== DATA FOR THIS TASK ==
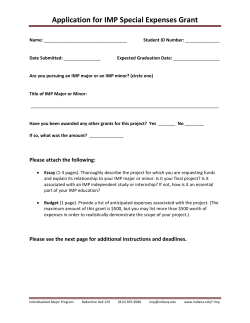 Application for IMP Special Expenses Grant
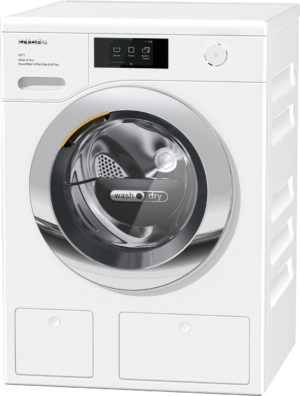 White front-loading washing machine with a digital display and large circular door.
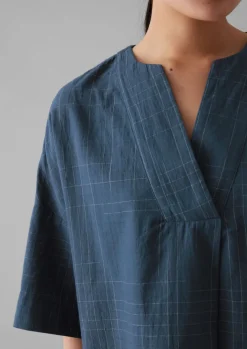 Nightwear-TOAST Sketched Check Cotton Pyjama Top Twilight/Ecru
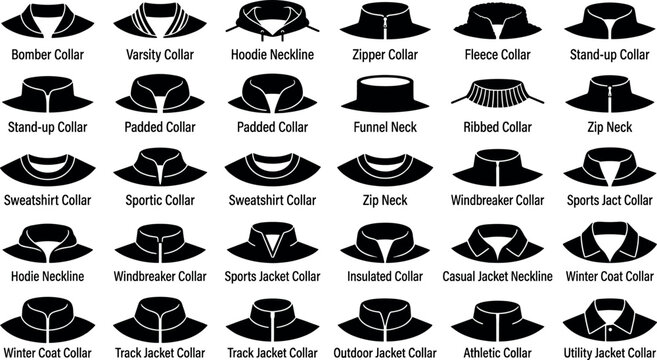Jacket collar neckline vector icon set with fashion clothing technical sketches bomber hoodie and sportswear silhouettes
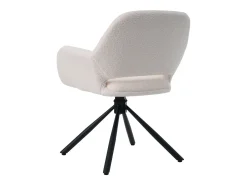 Sillas de comedor giratorias con reposabrazos, tela sherpa, 6 piezas, patas de metal, color blanco (68 x 65 x 51 cm)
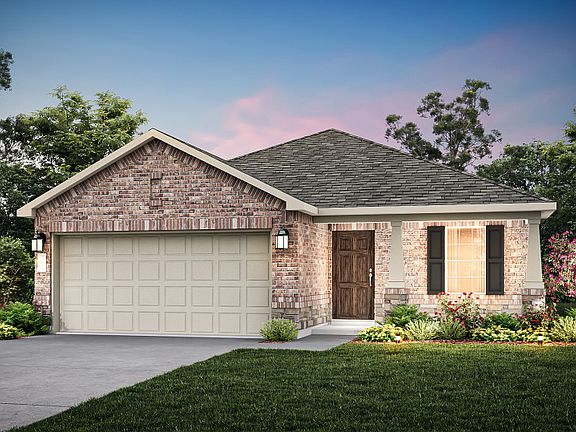 The Hewitt, a one-story home with 2-car garage, shown with Home Exterior R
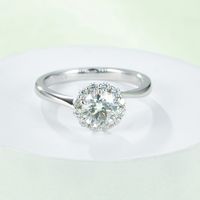Elegant Classic Style Round Sterling Silver Plating Inlay Moissanite White Gold Plated Rings main image 3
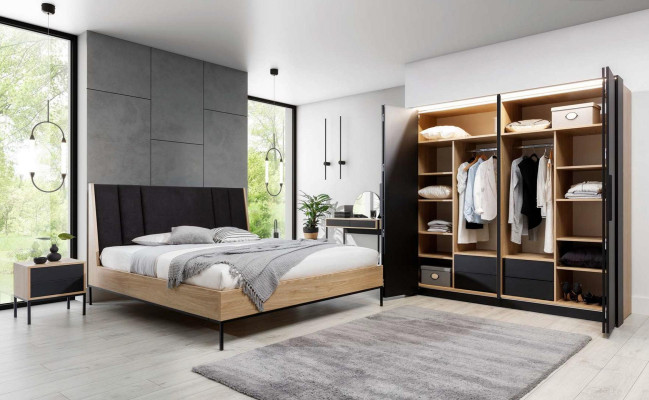 Slaapkamer set beige Bed 2x nachtkastjes Kast Kaptafel Luxe Nieuw 5 delig.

== THE TASK ==
The needed output is the lines from the one with "Elegant Classic Style" through the end of the listing, written out exactly, both ends included, pictures excluded.

== EXERCISE ANSWER ==
Elegant Classic Style Round Sterling Silver Plating Inlay Moissanite White Gold Plated Rings main image 3
 Slaapkamer set beige Bed 2x nachtkastjes Kast Kaptafel Luxe Nieuw 5 delig.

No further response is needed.